STATEMENT: U.S. EPA Issues New Pollution Standards for Trucks and Buses nate.shelter@wri.org Fri, 03/29/2024 - 09:46

WASHINGTON (March 29, 2024) — Today the U.S. Environmental Protection Agency (EPA) announced its Greenhouse Gas Emissions Standards for Heavy-Duty Vehicles, Phase 3 standard.

These standards will avoid 1 billion tons of greenhouse gas (GHG) emissions from heavy duty vehicles, including trucks and school buses, by 2055 by setting standards for model-year 2027 through 2032, complementing the recently-released standards for passenger vehicles. In the U.S., heavy-duty vehicles make up four percent of the vehicles on roads today but account for over a quarter of all transportation sector GHG emissions. The transportation sector as a whole accounts for the largest portion (29%) of all U.S. GHG emissions. These vehicles also produce harmful pollutants that affect local air quality and health, especially for those living near highways, freight hubs, ports and depots, which are more likely to be lower-income people of color.

Children are particularly vulnerable to pollution from heavy duty vehicles, including diesel pollution from 90% of the nation’s school bus fleet which presents health and developmental dangers to students, drivers, and communities.

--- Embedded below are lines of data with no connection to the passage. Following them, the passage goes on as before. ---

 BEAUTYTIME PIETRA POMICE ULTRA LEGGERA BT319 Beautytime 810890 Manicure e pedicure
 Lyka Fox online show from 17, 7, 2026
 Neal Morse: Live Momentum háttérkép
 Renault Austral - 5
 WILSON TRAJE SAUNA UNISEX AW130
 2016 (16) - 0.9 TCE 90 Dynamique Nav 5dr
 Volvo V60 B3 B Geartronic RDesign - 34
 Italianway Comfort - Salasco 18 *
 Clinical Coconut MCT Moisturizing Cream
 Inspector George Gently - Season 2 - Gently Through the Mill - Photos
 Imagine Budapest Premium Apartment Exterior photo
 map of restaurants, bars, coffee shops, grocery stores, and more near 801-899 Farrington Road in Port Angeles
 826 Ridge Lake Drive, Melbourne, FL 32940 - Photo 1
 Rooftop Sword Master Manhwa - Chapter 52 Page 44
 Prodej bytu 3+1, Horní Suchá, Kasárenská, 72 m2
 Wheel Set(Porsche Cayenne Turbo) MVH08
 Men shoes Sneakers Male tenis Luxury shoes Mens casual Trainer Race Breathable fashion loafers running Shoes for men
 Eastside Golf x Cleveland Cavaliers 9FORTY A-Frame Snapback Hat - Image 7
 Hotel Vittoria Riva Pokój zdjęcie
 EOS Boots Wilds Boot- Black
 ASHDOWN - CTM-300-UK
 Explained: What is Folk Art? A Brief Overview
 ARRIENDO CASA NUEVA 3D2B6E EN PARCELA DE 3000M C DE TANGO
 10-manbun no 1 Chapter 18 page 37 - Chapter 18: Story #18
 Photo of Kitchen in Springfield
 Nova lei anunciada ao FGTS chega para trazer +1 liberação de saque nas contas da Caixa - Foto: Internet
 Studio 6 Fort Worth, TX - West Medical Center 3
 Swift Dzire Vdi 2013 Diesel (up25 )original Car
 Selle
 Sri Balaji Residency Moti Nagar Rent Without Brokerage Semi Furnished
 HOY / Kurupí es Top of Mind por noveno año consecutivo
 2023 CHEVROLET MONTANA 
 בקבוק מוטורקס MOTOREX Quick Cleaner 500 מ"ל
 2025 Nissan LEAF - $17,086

Following is a statement from Sue Gander, Director, World Resources Institute’s Electric School Bus Initiative:

“This new standard will allow children who ride diesel-powered school buses, truck drivers who move goods across the country, and the communities living near highways, depots and ports to breathe easier.

“Alongside this standard, the federal government has made billions of dollars available to support the transition to zero-emission trucks and buses, moving us closer to a future where these vehicles don’t worsen the climate crisis and our health. The momentum is already building: Companies are manufacturing cleaner trucks and buses, school districts are showing high demand for electric buses, and states are advancing smart policies to speed up the adoption of cleaner trucks and buses.

“This is a step forward for America’s transportation policy. Policymakers should keep their foot on the accelerator to speed the transition to clean trucks and buses that provide communities better air and students a healthier ride to school. This includes continuing to provide support for charging infrastructure and access to technical assistance, workforce training and funding and financing.”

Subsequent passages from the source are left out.